True, sometimes we get the occasional stalker or an unwelcome bloghound or 2. But that's an occupational hazard of being a blogger. If you're so concerned about who gets to peek into your innermost thoughts and feelings, then write in a friggin' diary, complete with lock and key. Or just don't write about deeply personal, sensitive stuff that might become tabloid fodder (no offense meant to you-know-who-you-are ;p).

I have no qualms admitting that I like receiving comments on and about my blog, that I like the idea of having an actual following out there with nothing better to do than read about me, me, me. I also enjoy taking all my chaotic thoughts and opinions and feelings and ideas to churn out organized (well, mostly organized anyway), sensible, occasionally profound, sometimes funny and hopefully always entertaining prose. Blogging is-- in all senses of the phrase-- "me time", and it's the best kind of "me time" I have in the middle of a busy workday or a stressful week. I get to focus on myself, and I get others to train their attention on me as well.

So perhaps Alan Lightman and E.B. White were right, that all writers are, on varying levels, self-absorbed egomaniacs. Well I love writing, and yes, I love myself. And if you're reading this, then maybe you love my writing--and me-- too. Thanks for your 5 minutes. :)

Wednesday, June 28, 2006

Bitch against bullies

The great Sirius Black (and not the wise wizard Albus Dumbledore, as I originally wrote-- thanks for pointing out my mistake, Mae!) said, "If you want to know what a man's like, take a good look at how he treats his inferiors, not his equals." I strongly believe that a person's character shows in how s/he deals with people of lower rank or social standing. That is why on first dates, I pay particular attention to how a guy treats the waiters, because those who are rude to servicepeople are usually snooty, ill-tempered bullies beneath their preppy clothes and courtly manners. And man, do I hate bullies. This may come as surprising, considering how bitchy I can be, but I consider bitching and bullying 2 completely different things. A bitch (a good, proper bitch anyway) acts nasty because she finds fault in something or someone. A bully pushes people around simply because they can. A bitch is selective in her nastiness, and usually only chooses targets worthy of her precious time. A bully just terrorizes anyone who's weaker and easy pickings.

You can ask anyone who knows me well enough: despite my bitchy tendencies, I always make it a point to be nice to those "below" me, including waiters, security guards, our office staff, our salesgirls, our household help, the maintenance men and janitors at ICA... people often taken for granted and overlooked (to the point where even a simple "thank you" is foregone), or worse, abused. Bullies are abominable because given that they're already in positions of power or hold sway over others, they use that very dominance to crush the dignity of their inferiors. The bastards have all the advantages birthright or wealth or society have bestowed upon them, and the best they can do with those advantages, those blessings, is step on the downtrodden to make them even more miserable? That's plain despicable. I'm not even talking about outright physical or verbal abuse; the mere lack of basic courtesy towards others-- shoddy dismissals, careless put-downs, hurtful remarks, condescending tones-- it does enough damage. To think that most bullies are well-educated and come from well-to-do families. How's that for good breeding?
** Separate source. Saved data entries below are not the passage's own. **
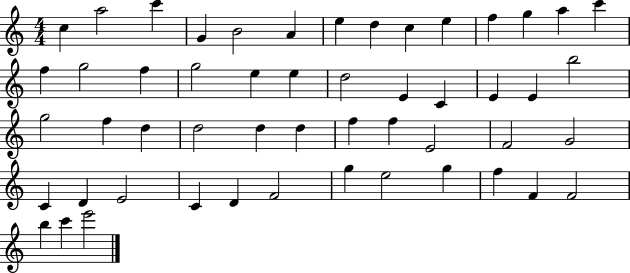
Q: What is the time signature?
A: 4/4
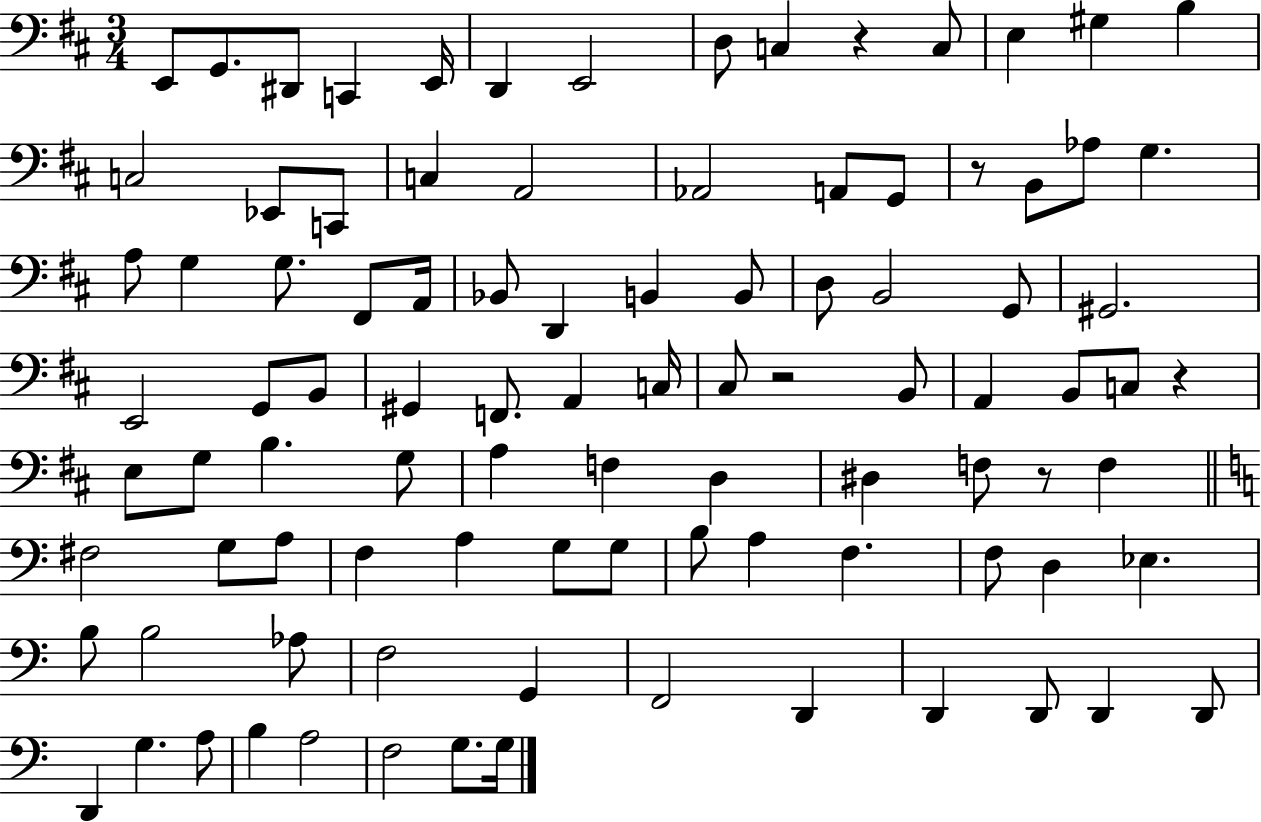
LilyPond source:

{
  \clef bass
  \numericTimeSignature
  \time 3/4
  \key d \major
  e,8 g,8. dis,8 c,4 e,16 | d,4 e,2 | d8 c4 r4 c8 | e4 gis4 b4 | \break c2 ees,8 c,8 | c4 a,2 | aes,2 a,8 g,8 | r8 b,8 aes8 g4. | \break a8 g4 g8. fis,8 a,16 | bes,8 d,4 b,4 b,8 | d8 b,2 g,8 | gis,2. | \break e,2 g,8 b,8 | gis,4 f,8. a,4 c16 | cis8 r2 b,8 | a,4 b,8 c8 r4 | \break e8 g8 b4. g8 | a4 f4 d4 | dis4 f8 r8 f4 | \bar "||" \break \key c \major fis2 g8 a8 | f4 a4 g8 g8 | b8 a4 f4. | f8 d4 ees4. | \break b8 b2 aes8 | f2 g,4 | f,2 d,4 | d,4 d,8 d,4 d,8 | \break d,4 g4. a8 | b4 a2 | f2 g8. g16 | \bar "|."
}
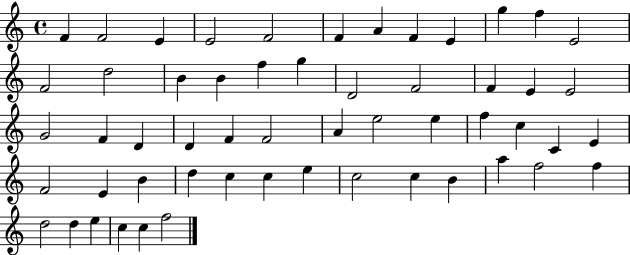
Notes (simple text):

F4/q F4/h E4/q E4/h F4/h F4/q A4/q F4/q E4/q G5/q F5/q E4/h F4/h D5/h B4/q B4/q F5/q G5/q D4/h F4/h F4/q E4/q E4/h G4/h F4/q D4/q D4/q F4/q F4/h A4/q E5/h E5/q F5/q C5/q C4/q E4/q F4/h E4/q B4/q D5/q C5/q C5/q E5/q C5/h C5/q B4/q A5/q F5/h F5/q D5/h D5/q E5/q C5/q C5/q F5/h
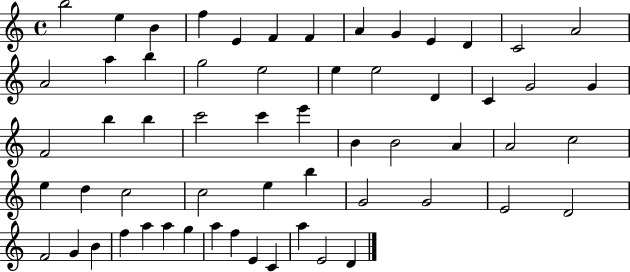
{
  \clef treble
  \time 4/4
  \defaultTimeSignature
  \key c \major
  b''2 e''4 b'4 | f''4 e'4 f'4 f'4 | a'4 g'4 e'4 d'4 | c'2 a'2 | \break a'2 a''4 b''4 | g''2 e''2 | e''4 e''2 d'4 | c'4 g'2 g'4 | \break f'2 b''4 b''4 | c'''2 c'''4 e'''4 | b'4 b'2 a'4 | a'2 c''2 | \break e''4 d''4 c''2 | c''2 e''4 b''4 | g'2 g'2 | e'2 d'2 | \break f'2 g'4 b'4 | f''4 a''4 a''4 g''4 | a''4 f''4 e'4 c'4 | a''4 e'2 d'4 | \break \bar "|."
}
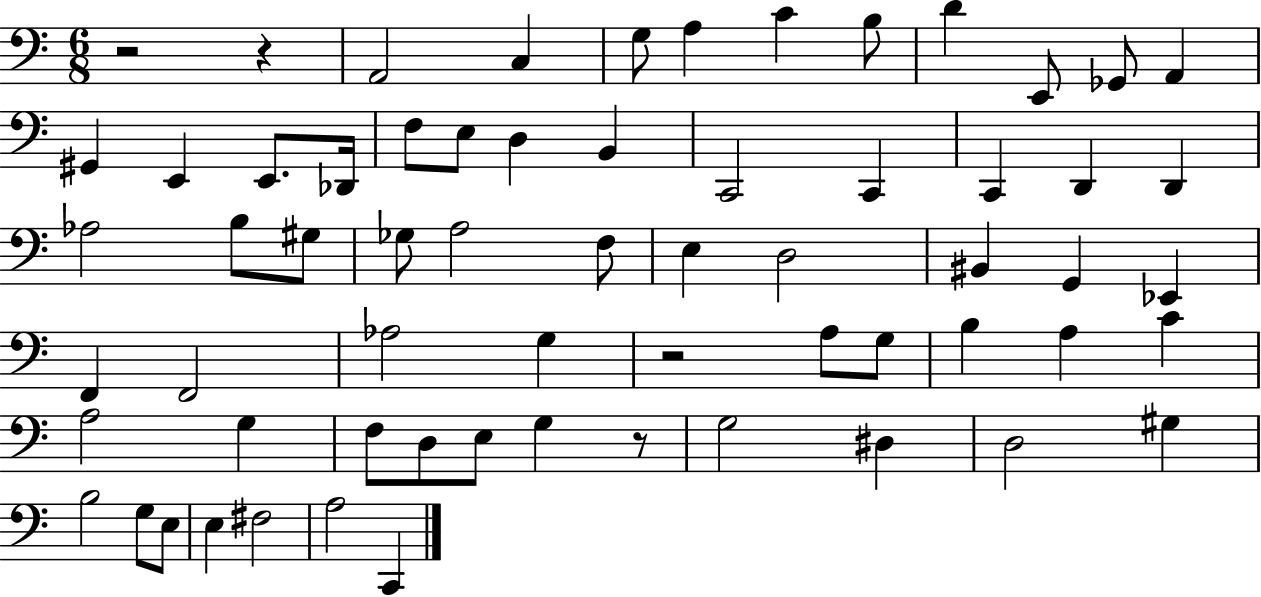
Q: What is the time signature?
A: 6/8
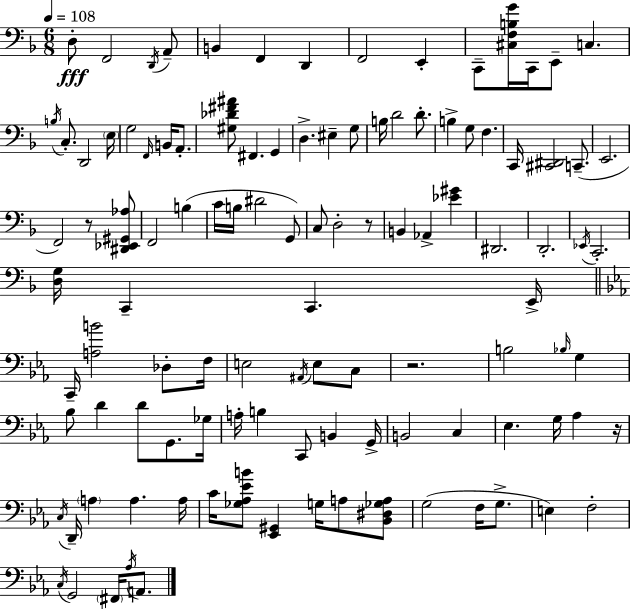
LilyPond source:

{
  \clef bass
  \numericTimeSignature
  \time 6/8
  \key d \minor
  \tempo 4 = 108
  d8-.\fff f,2 \acciaccatura { d,16 } a,8-- | b,4 f,4 d,4 | f,2 e,4-. | c,8-- <cis f b g'>16 c,16 e,8-- c4. | \break \acciaccatura { b16 } c8.-. d,2 | \parenthesize e16 g2 \grace { f,16 } b,16 | a,8.-. <gis des' fis' ais'>8 fis,4. g,4 | d4.-> eis4-- | \break g8 b16 d'2 | d'8.-. b4-> g8 f4. | c,16 <cis, dis,>2 | c,8.--( e,2. | \break f,2) r8 | <dis, ees, gis, aes>8 f,2 b4( | c'16 b16 dis'2 | g,8) c8 d2-. | \break r8 b,4 aes,4-> <ees' gis'>4 | dis,2. | d,2.-. | \acciaccatura { ees,16 } c,2.-. | \break <d g>16 c,4-- c,4. | e,16-> \bar "||" \break \key ees \major c,16-- <a b'>2 des8-. f16 | e2 \acciaccatura { ais,16 } e8 c8 | r2. | b2 \grace { bes16 } g4 | \break bes8 d'4 d'8 g,8. | ges16 a16-. b4 c,8 b,4 | g,16-> b,2 c4 | ees4. g16 aes4 | \break r16 \acciaccatura { c16 } d,16-- \parenthesize a4 a4. | a16 c'16 <ges aes ees' b'>8 <ees, gis,>4 g16 a8 | <bes, dis ges a>8 g2( f16 | g8.-> e4) f2-. | \break \acciaccatura { c16 } g,2 | \parenthesize fis,16 \acciaccatura { aes16 } a,8. \bar "|."
}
So to all you power-tripping, thoughtless, greedy bullies out there: you may be bigger and badder, and you may always get your way, but a bully is always the smaller, lesser person. And you are just not worth this bitch's time.

Monday, June 26, 2006

Not so small talk

Now that Hanks is home, we can now resume our TNG marathons (yay!), and yesterday we quickly crammed in 2 episodes before dinnertime. 1 of those 2 episodes featured the android Data attempting to master the human skill of making small talk, which he took to with characteristic speed and ease. Observing Data chattering away with an equally loquacious Star Fleet officer, Commander Will Riker marveled, "How can 2 people talk about nothing for so long?"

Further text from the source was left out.